Çevrim İçi Türkçe Argo Sözlüğü
atmak
fiiliş atmak ok atmak bok atmak kıç atmak kol atmak tek atmak zar atmak hava atmak olta atmak topu atmak zarf atmak cirit atmak demir atmak düşeş atmak fişek atmak göbek atmak kazık atmak kelek atmak kesik atmak kıtır atmak
- Baş başa olunacak bir yere götürmek – Attilâ İlhan
"Gözüne kestirdiği erkeği tavlayıp resmen oraya atarmış."
- Yalan veya abartmalı söz söylemek
"Gene atmaya başladı."
- Bilmeden, kestirerek söylemek
"Bilgi yarışmasında attı ama tutturamadı."

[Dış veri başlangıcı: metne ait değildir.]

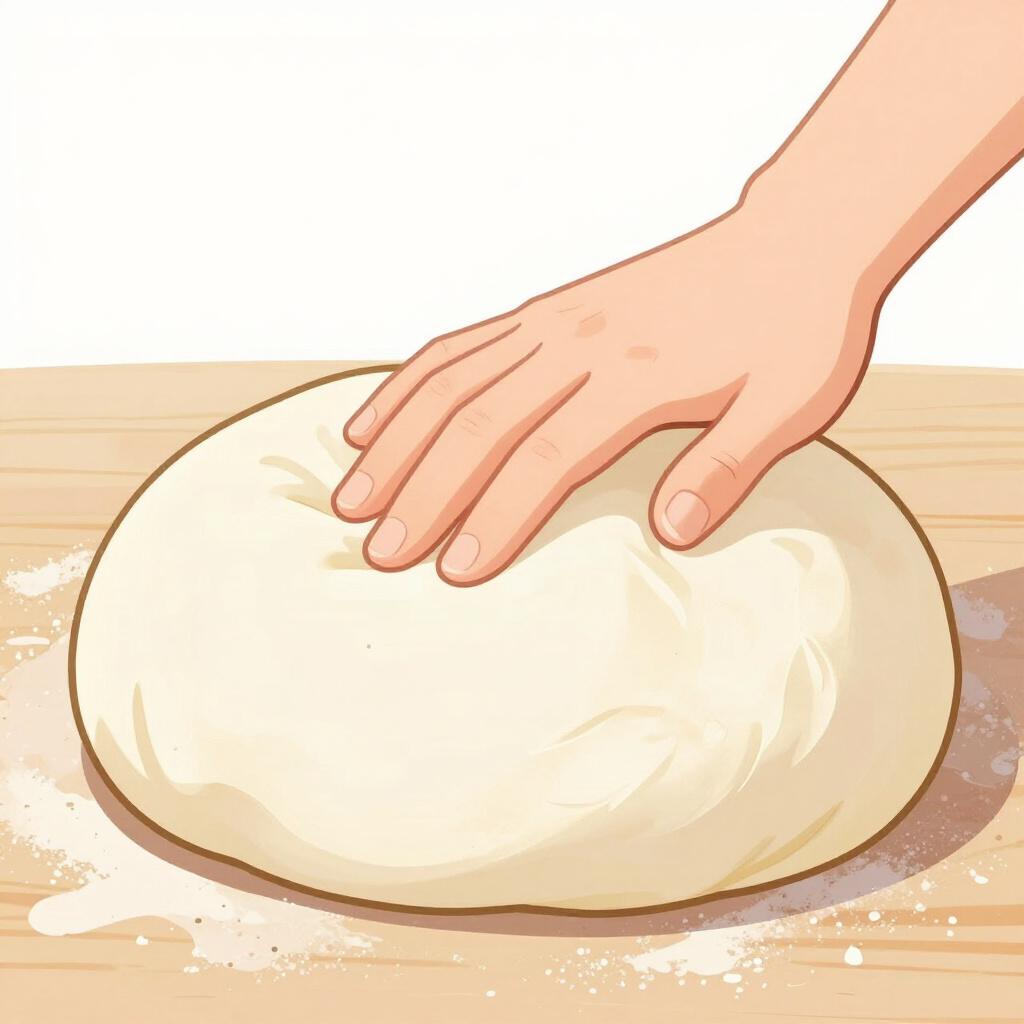 Eine Hand drückt in einen weichen, fluffigen Teigklumpen auf einem Holztisch.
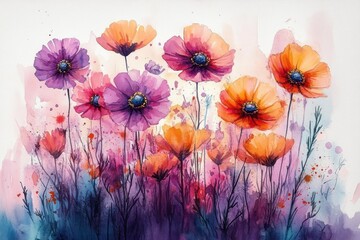Watercolor wildflower painting spring colorful floral art illustration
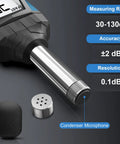 Close-up of Portable Decibel Meter With LCD Display and condenser microphone, showing features like measuring range and accuracy.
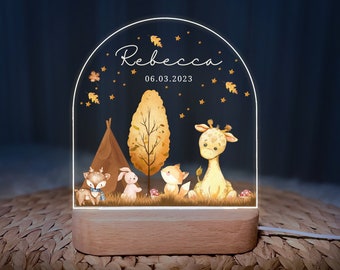 Nombre personalizado para bebés y niños Luz nocturna como regalo de cumpleaños / Luz nocturna personalizada para niños Cumpleaños luz nocturna para bebés / Luz nocturna Boho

- İçki içmek – Nâzım Hikmet
"Şimdi arzu buyrulursa dostluğumuzu takviye için şöyle bir iki kadeh atalım."
- Yalan derecesinde abartarak konuşmak; yalan söylemek
Büyük ceddim filân âdem, diye başlar asaletten, / Atar attıkça dördüncü dahî halt-ı kelâm eyler.
- (Yumruk, tokat, sille) Vurmak
-Bana bak, dedi. Bir tane atarsam suratına. -At anam, at yavrum, at bir tanem!
- (Yakın ilişkide bulunulan birisini) Baş başa olunacak bir yere götürmek
El oğlu sevgilisini lüks otellere atar, sen varlıklı bir kadınsın ama ben seni o eve atacağım.
- Bir 'tek' içki içmek; içkiden bir yudum almak
Geceyi gündüze her dem katalım /Atalım yan yana zevke bakalım.